OpenID turinhurinson said...

I'm not a big fan of sports where the scores are routinely 90-85 (e.g. basketball), but the low scores in football do bother me. They suggest that most of the action of the match doesn't really matter - only that one play where a goal was scored is relevant.

They also make me think that too much of the game is determined by luck - if one team's skill gives it a 1% likelihood of scoring a goal every minute and the other team's gives it a 2% likelihood, it would still be extremely common for the worse team to win the game. Yet you only play one match between the teams, and that one match is thought to show which team is better.

My preferred sport is baseball. An average score for a baseball game would be 5-4, with 1-0 being an exceptionally low-scoring game (but not unheard of) and 15-9 being an extremely high-scoring game. I think that strikes a good balance between every score mattering and there not really being enough scores to tell which team is better

And, even better, a baseball season is 162 games long, and postseason series are 5 games for the division series and 7 for the league championships and world series. So there's actually enough evidence to determine which is really the better team.

Plus there's a bunch of cool statistical analysis you can do in baseball that's not possible in other sports. Ever heard of sabermetricians?

Sunday, June 13, 2010 7:50:00 am  
Blogger Trebuchet said...

Turin: Hi there! Actually, I'm happy to think of baseball as a sport with the main aim of determining the best team in a group for a specific group of skills over a long period of time.

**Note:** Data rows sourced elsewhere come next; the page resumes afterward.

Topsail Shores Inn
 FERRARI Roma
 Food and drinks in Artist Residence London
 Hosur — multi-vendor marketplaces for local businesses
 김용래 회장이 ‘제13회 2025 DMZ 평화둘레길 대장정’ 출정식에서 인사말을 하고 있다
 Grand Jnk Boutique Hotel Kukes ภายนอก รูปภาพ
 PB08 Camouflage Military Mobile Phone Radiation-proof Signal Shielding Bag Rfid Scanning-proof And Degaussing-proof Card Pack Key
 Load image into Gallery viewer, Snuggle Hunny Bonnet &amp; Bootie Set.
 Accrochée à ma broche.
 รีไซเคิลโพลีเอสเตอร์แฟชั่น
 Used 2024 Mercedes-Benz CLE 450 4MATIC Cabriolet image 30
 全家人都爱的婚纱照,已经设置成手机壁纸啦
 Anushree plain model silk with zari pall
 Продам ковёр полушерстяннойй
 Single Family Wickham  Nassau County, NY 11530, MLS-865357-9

But I will also point out that different sports have different goals (ha) and different aesthetics. You could consider chess, where the point is the final state; or darts, where the point is to work out a win and then execute it.

As for cool statistical analysis, it depends on what you mean by cool — a lot of baseball statistics has to do with the large number of 'experimental trials' (i.e. games) and the infrastructure designed to capture that within a relatively static environment. Consider chess or bridge for an even more static environment, or freeform gymnastics for one that is much less so — or soccer.

Anyway, yes, good points. Baseball is a much better sport than basketball, I'd say. :D

Sunday, June 13, 2010 8:32:00 am  
Blogger sibrwd said...

Well then, what about shooting? You've got several hundred points in the qualifying stage (surely enough majestic digits, haha), and then the final stage where shots are scored to 1dp (so you can have really close finishes).

It totally beats me why more people don't follow it ):

Monday, June 14, 2010 3:37:00 am  
Blogger Trebuchet said...

sibrwd: well, it's all to do with the build-up; sometimes, the journey is indeed as important as the destination — we don't look only at the moment the ball enters the net, but at the way it was set up and scored... shooting is boring because each action is the same.

Monday, June 14, 2010 2:26:00 pm  
Blogger sibrwd said...

Oh well. I think it's still fairly epical that people can hit the target about fifty consecutive times though.

Sir, are you still holding on to your copies of Science? If you wish to get rid of them I will receive them with pleasure. (Although giant stacks of bio readings mean they'll be untouched for a while, sigh.)